**Working data**:
========

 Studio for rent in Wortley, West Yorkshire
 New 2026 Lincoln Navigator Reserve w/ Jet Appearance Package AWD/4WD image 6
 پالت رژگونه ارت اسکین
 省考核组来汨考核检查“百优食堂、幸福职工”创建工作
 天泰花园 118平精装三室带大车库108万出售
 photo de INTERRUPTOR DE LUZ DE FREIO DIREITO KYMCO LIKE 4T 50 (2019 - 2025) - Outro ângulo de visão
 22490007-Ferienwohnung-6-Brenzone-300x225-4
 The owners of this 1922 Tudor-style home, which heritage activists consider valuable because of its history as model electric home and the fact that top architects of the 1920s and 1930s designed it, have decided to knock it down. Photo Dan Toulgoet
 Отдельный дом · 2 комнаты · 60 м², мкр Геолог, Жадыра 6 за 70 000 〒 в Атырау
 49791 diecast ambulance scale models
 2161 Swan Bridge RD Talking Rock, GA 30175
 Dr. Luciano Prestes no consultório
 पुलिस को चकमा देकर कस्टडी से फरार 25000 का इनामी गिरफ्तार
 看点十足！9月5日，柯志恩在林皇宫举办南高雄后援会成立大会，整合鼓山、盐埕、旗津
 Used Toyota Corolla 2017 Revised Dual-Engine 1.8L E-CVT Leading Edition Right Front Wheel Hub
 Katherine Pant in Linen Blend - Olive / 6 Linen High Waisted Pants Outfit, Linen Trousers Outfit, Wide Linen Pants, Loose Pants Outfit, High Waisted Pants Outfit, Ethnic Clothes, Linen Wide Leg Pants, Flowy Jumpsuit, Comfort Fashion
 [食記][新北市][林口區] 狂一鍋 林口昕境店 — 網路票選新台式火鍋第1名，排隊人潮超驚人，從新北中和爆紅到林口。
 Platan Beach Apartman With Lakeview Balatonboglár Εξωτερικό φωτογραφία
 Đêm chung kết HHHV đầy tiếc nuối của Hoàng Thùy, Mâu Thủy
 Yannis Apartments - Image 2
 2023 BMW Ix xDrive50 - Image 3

========

**Activity**: The answer should be the exact lines running from the line containing "The owners of" to the last line of the entries, with nothing else.

**Result for this task**:
 The owners of this 1922 Tudor-style home, which heritage activists consider valuable because of its history as model electric home and the fact that top architects of the 1920s and 1930s designed it, have decided to knock it down. Photo Dan Toulgoet
 Отдельный дом · 2 комнаты · 60 м², мкр Геолог, Жадыра 6 за 70 000 〒 в Атырау
 49791 diecast ambulance scale models
 2161 Swan Bridge RD Talking Rock, GA 30175
 Dr. Luciano Prestes no consultório
 पुलिस को चकमा देकर कस्टडी से फरार 25000 का इनामी गिरफ्तार
 看点十足！9月5日，柯志恩在林皇宫举办南高雄后援会成立大会，整合鼓山、盐埕、旗津
 Used Toyota Corolla 2017 Revised Dual-Engine 1.8L E-CVT Leading Edition Right Front Wheel Hub
 Katherine Pant in Linen Blend - Olive / 6 Linen High Waisted Pants Outfit, Linen Trousers Outfit, Wide Linen Pants, Loose Pants Outfit, High Waisted Pants Outfit, Ethnic Clothes, Linen Wide Leg Pants, Flowy Jumpsuit, Comfort Fashion
 [食記][新北市][林口區] 狂一鍋 林口昕境店 — 網路票選新台式火鍋第1名，排隊人潮超驚人，從新北中和爆紅到林口。
 Platan Beach Apartman With Lakeview Balatonboglár Εξωτερικό φωτογραφία
 Đêm chung kết HHHV đầy tiếc nuối của Hoàng Thùy, Mâu Thủy
 Yannis Apartments - Image 2
 2023 BMW Ix xDrive50 - Image 3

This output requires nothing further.